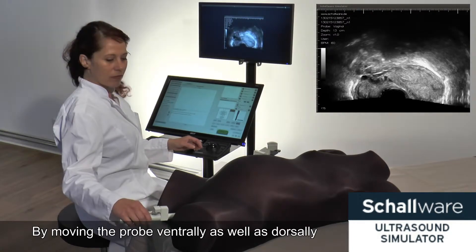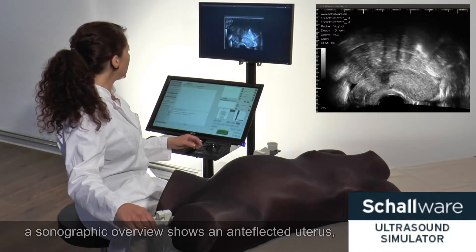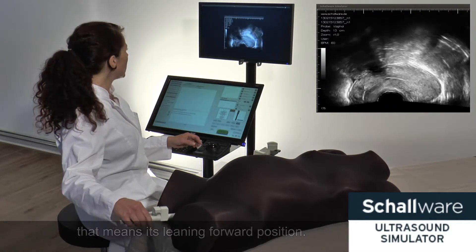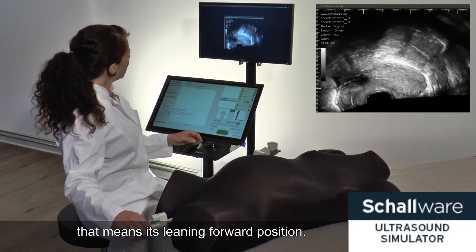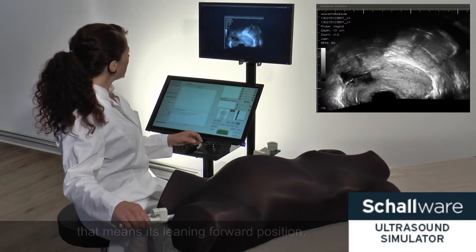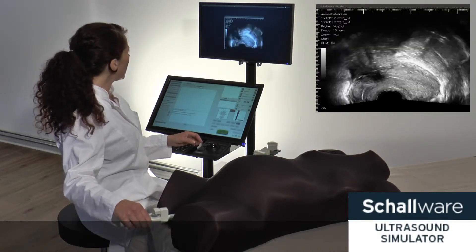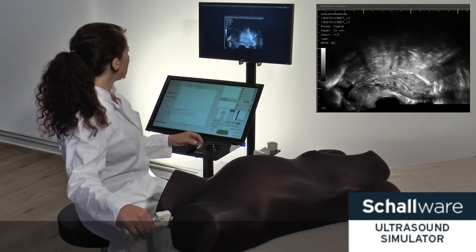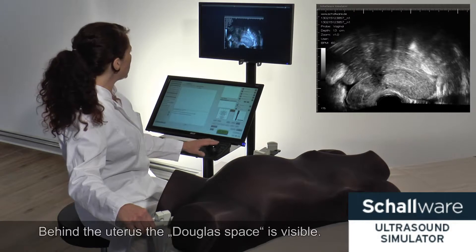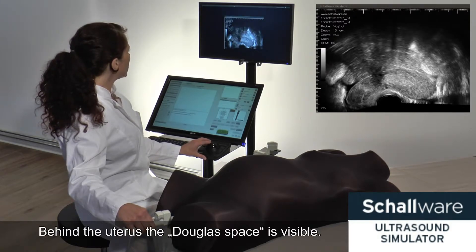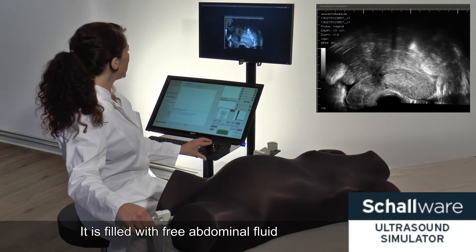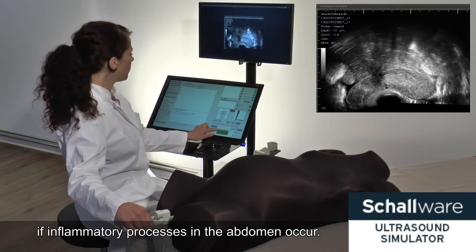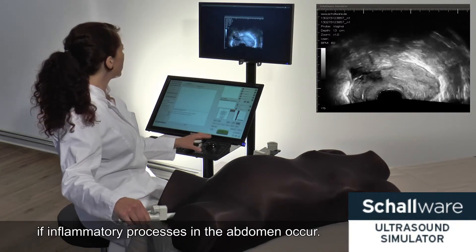By moving the probe ventrally as well as dorsally, a sonographic overview shows an anteflexed uterus — that means its leaning forward position. Behind the uterus the ductless space is visible. It is filled with free abdominal fluid if inflammatory processes in the abdomen occur.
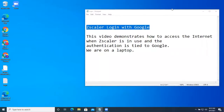Hello. This video demonstrates how to access the internet when Zscaler is in use and the authentication is tied to Google. We are on a laptop.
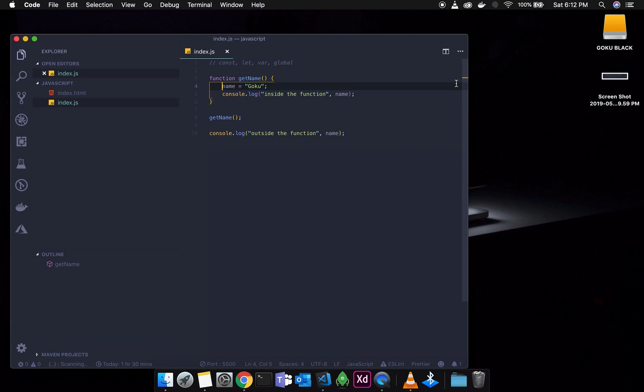There is no keyword needed to reference a global variable. So let's look at the characteristics of let and const in the next part of this tutorial.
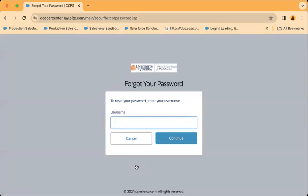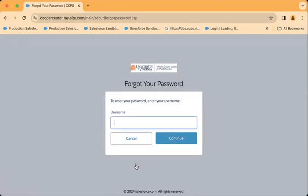This presents me with a page to type in my username. Your username is an email address associated with your account. It will be the same email address you used to log in to our previous portal.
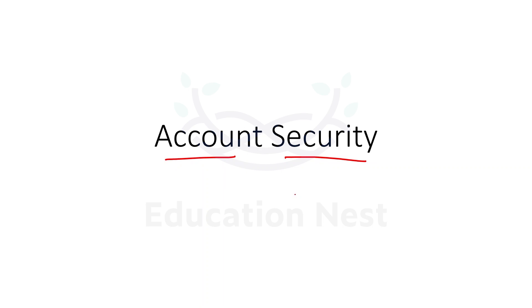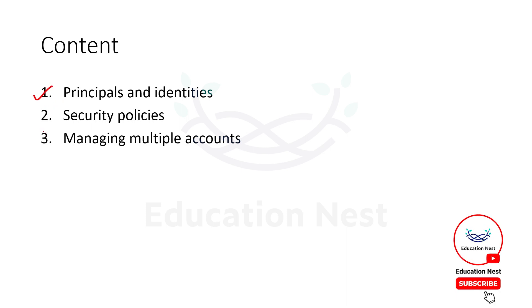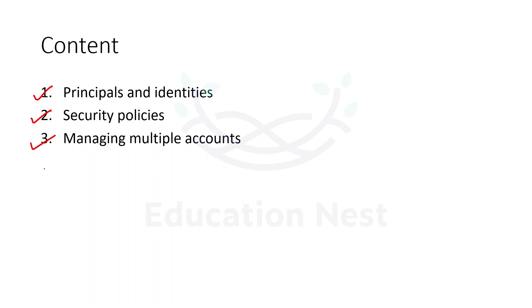We will be understanding how to secure our AWS account. What are the topics that would be covered in this particular module? We are going to understand what are principals and identities, we'll be understanding security policies, and we will be understanding how to manage multiple accounts on AWS.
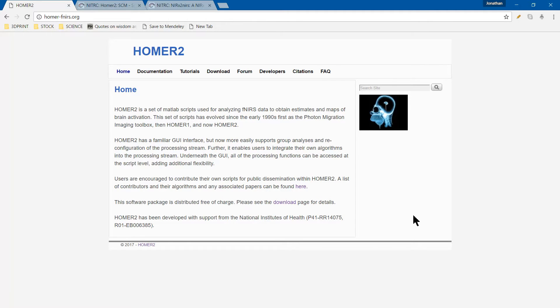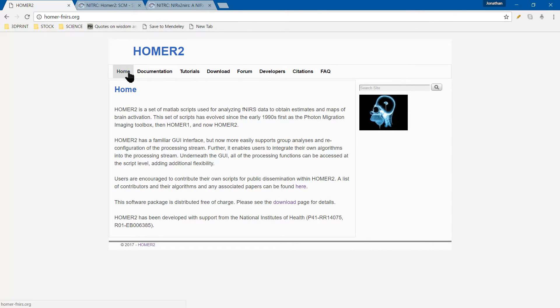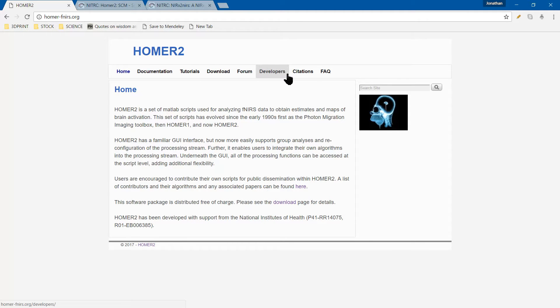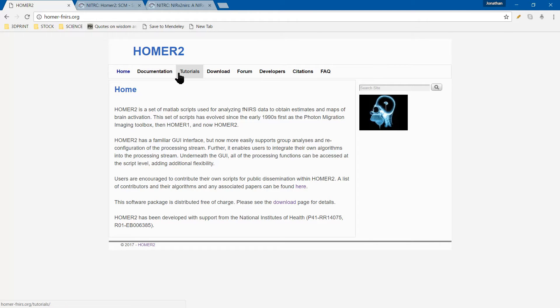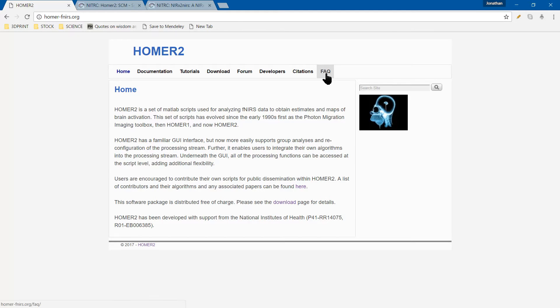First things first, you head over to the HOMER website at homer-fnirs.org. Once you're there, you have several tabs: home, documentation, tutorials, download, forum, etc. The most helpful ones will be the tutorials, the download, and the forum, and this FAQ link over here.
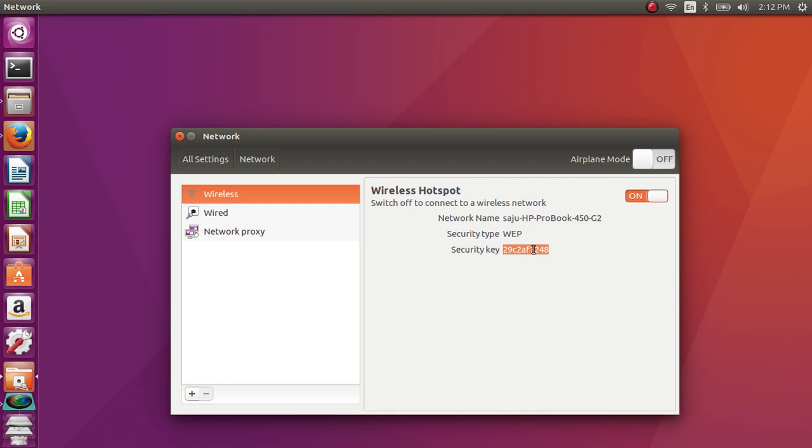Now you can connect your Android or any phone and tablet to this hotspot. When connecting, it will ask for a password. You can use this security key as the password.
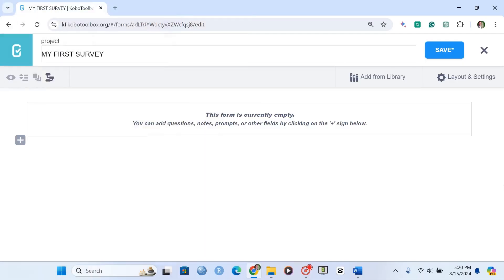Welcome back. In our previous lesson we discussed roster questions, which are groups of questions and subsections that are repeated to collect similar information. In this lesson we're going to talk about ranking questions. Ranking questions allow the respondent to compare items directly against each other and arrange them in order of significance or preference.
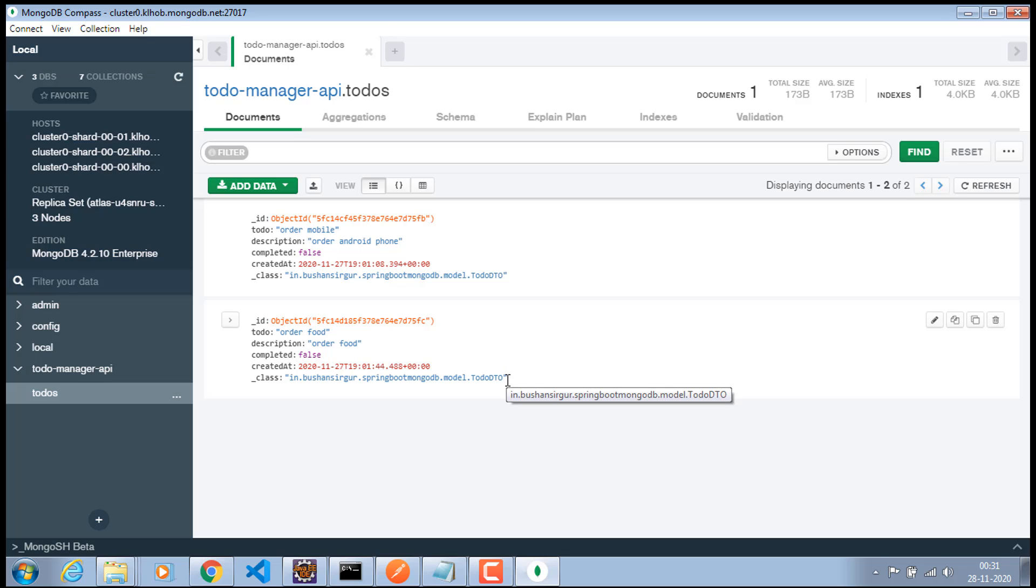Alright. So, now we have set up the production database which is available on the MongoDB Atlas. And in the next video we are going to deploy this application to Heroku. And we are going to test our work. So, that is coming up in the next video. I will see you in the next video.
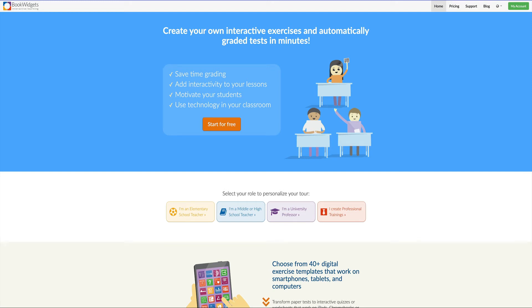Hello, and welcome back to our TeacherCast Educational Network series on Book Widgets. Book Widgets is an amazing application that allows you to create a dynamic range of activities for your students and share them both through Google Classroom, Microsoft Teams, or even directly to their email address.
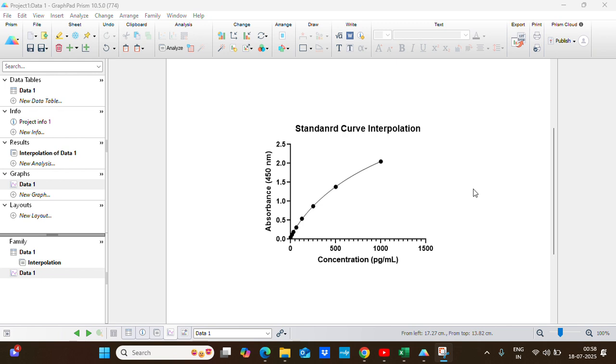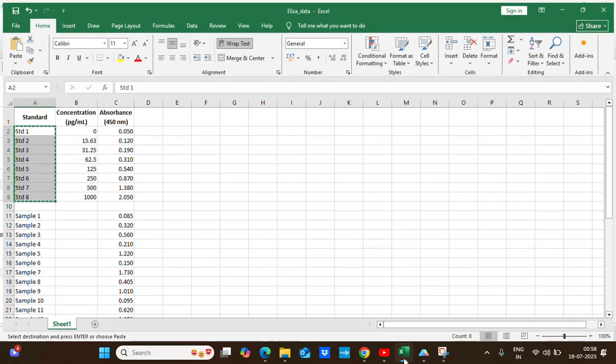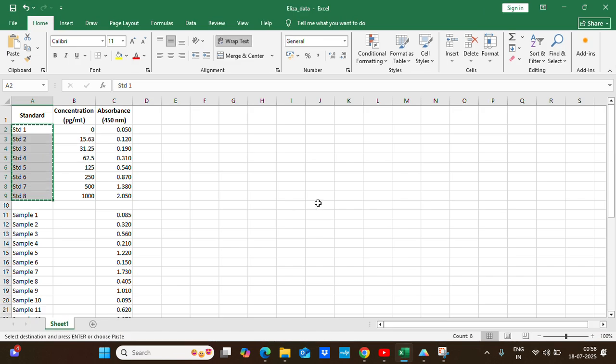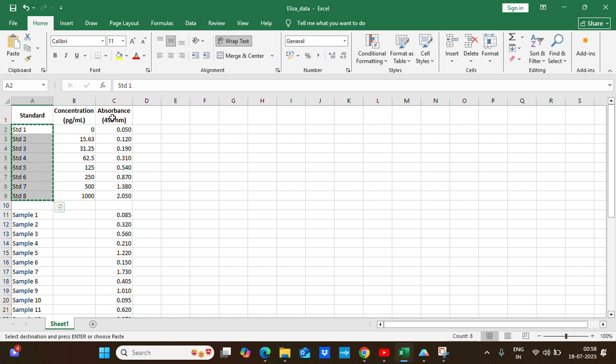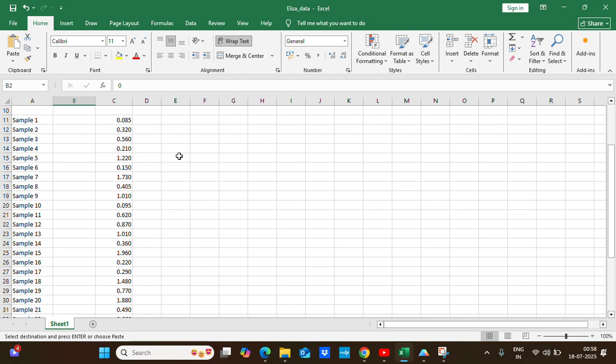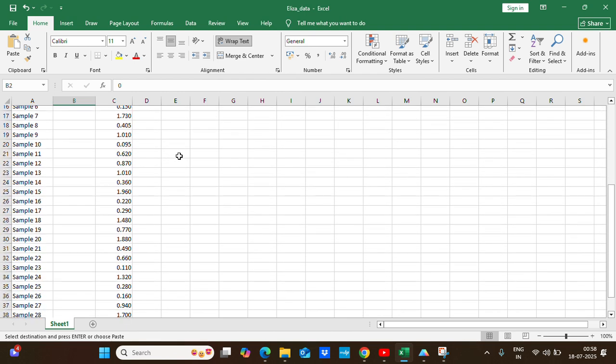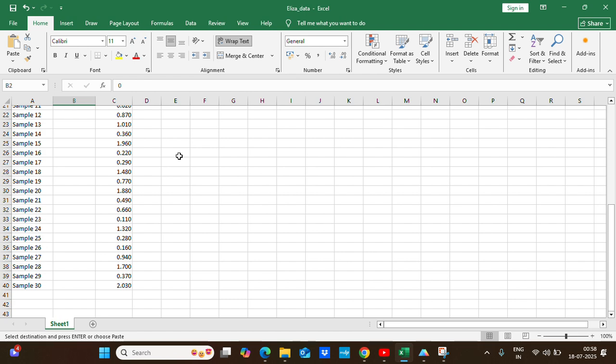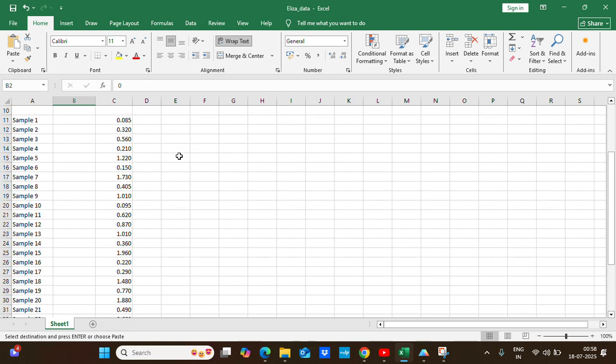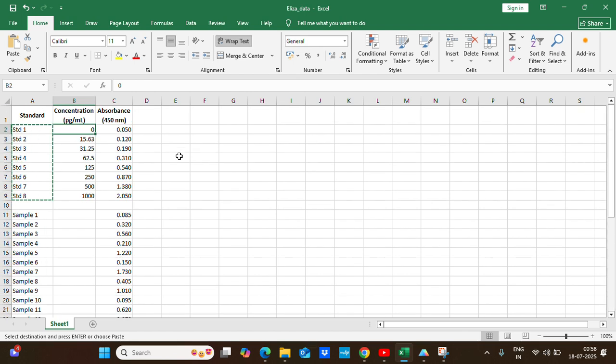Here I'm going to take an example of ELISA data which I have in my Excel sheet. In brief, I have eight standard concentrations and their corresponding absorbance values at 450 nanometers. And I have 30 unknown sample concentrations with the absorbance values, and we have to find their corresponding concentration.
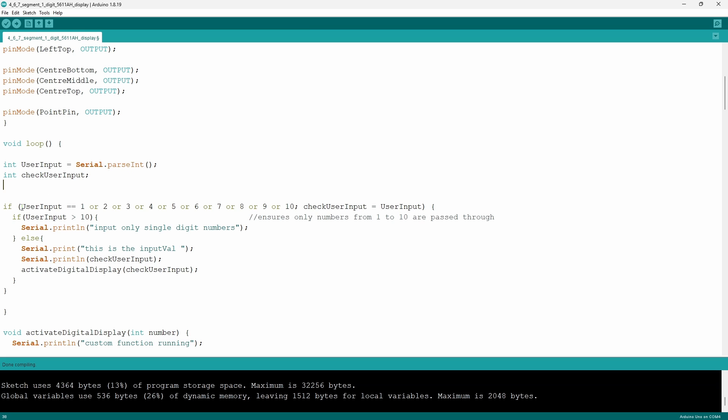In the first if statement I tell the Arduino that if user input is equal to a number from 1 to 10 then make check user input equal to user input. We will later use check user input for our switch and case function.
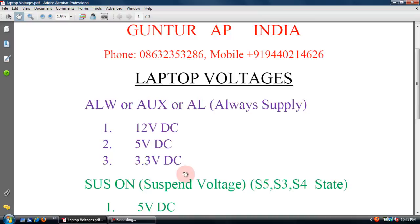We need to press the power button. We need to check the DC power supply and check the motherboard — this is the safe side of the motherboard. This is the auto cutoff DC power supply regulator.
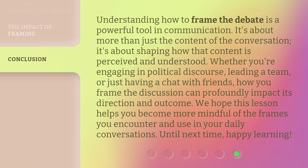Understanding how to frame the debate is a powerful tool in communication. It's about more than just the content of the conversation — it's about shaping how that content is perceived and understood. Whether you're engaging in political discourse, leading a team, or just having a chat with friends, how you frame the discussion can profoundly impact its direction and outcome. We hope this lesson helps you become more mindful of the frames you encounter and use in your daily conversations. Until next time, happy learning!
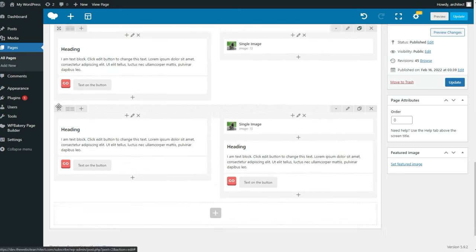Overall WPBakery isn't perfect, but it's pretty damn intuitive and customizable. I like it a lot. It's definitely not my favorite builder, but it gets the job done. If you want to become a better web designer or WordPress developer, check out my channel for more videos.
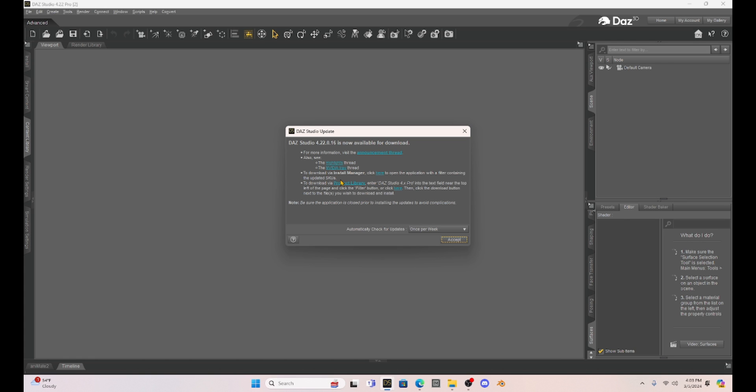It says Daz Studio 4.22.0.16. I would not update this yet. The Daz forums are full of bugs that people are having. And I'm not sure what's going on. I haven't updated. Luckily, I learned my lesson the last time with Daz 4.22 from 2.1. And I learned I gotta wait.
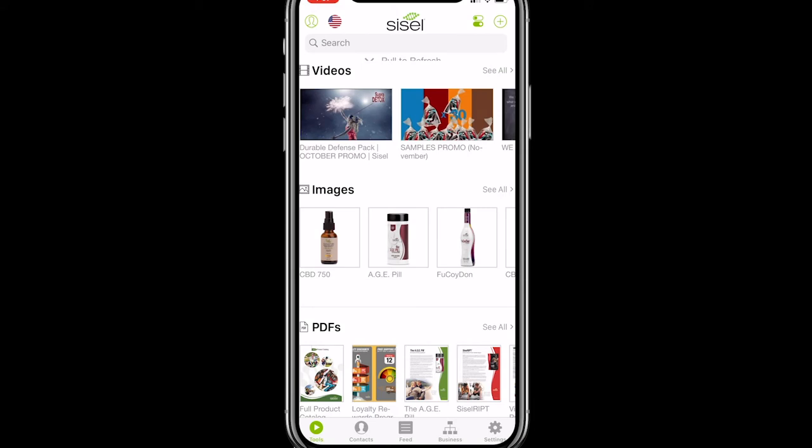Hello Sizzle Nation, I'm Ben Cook, your director of content, and this is App Hors d'Oeuvres, where you get bite-sized videos on information and training on the Sizzle app. Today we're going to go over sharing pre-loaded corporate content.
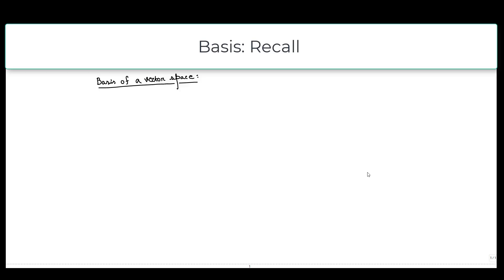Hello all, in this tutorial we will try to visualize how bases are formed. In this video, we will basically see some vectors in R3 and check whether those vectors form a basis or not.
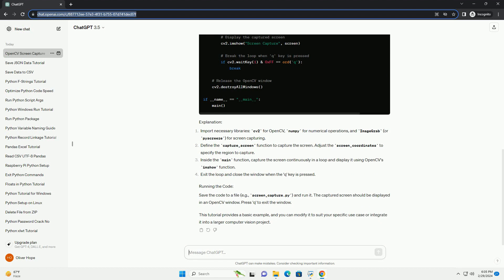Import necessary libraries: CV2 for OpenCV, NumPy for numerical operations, and ImageGrab or PyScrees for screen capturing.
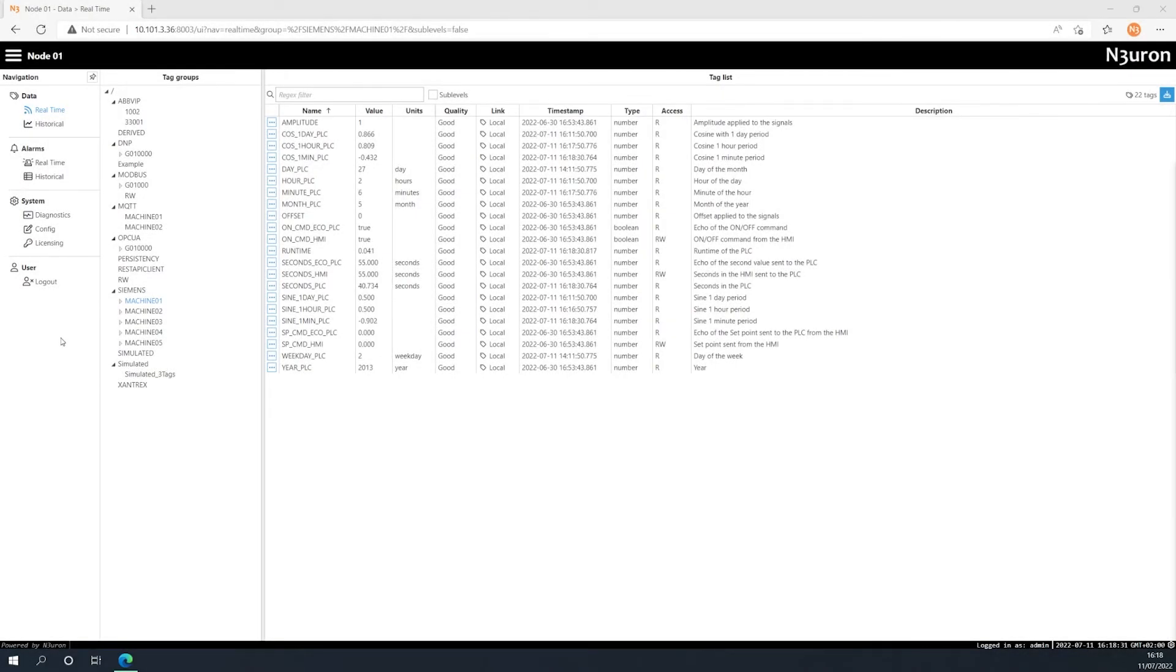In this video, we are going to explain the use of roles in Neuron. Since Neuron's 1.21 version, the management of roles in users has been improved to make configuration much easier for users.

※ ※ ※

» THE TASK: Would you write out exactly the lines above, starting at the line containing "There is no" and stopping after the line containing "Now you can"? Omit the pictures.

» WRITTEN SOLUTION:
There is no keyword needed to reference a global variable. So let's look at the characteristics of let and const in the next part of this tutorial.
This presents me with a page to type in my username. Your username is an email address associated with your account. It will be the same email address you used to log in to our previous portal.
We will be understanding how to secure our AWS account. What are the topics that would be covered in this particular module? We are going to understand what are principals and identities, we'll be understanding security policies, and we will be understanding how to manage multiple accounts on AWS.
First things first, you head over to the HOMER website at homer-fnirs.org. Once you're there, you have several tabs: home, documentation, tutorials, download, forum, etc. The most helpful ones will be the tutorials, the download, and the forum, and this FAQ link over here.
Now you can connect your Android or any phone and tablet to this hotspot. When connecting, it will ask for a password. You can use this security key as the password.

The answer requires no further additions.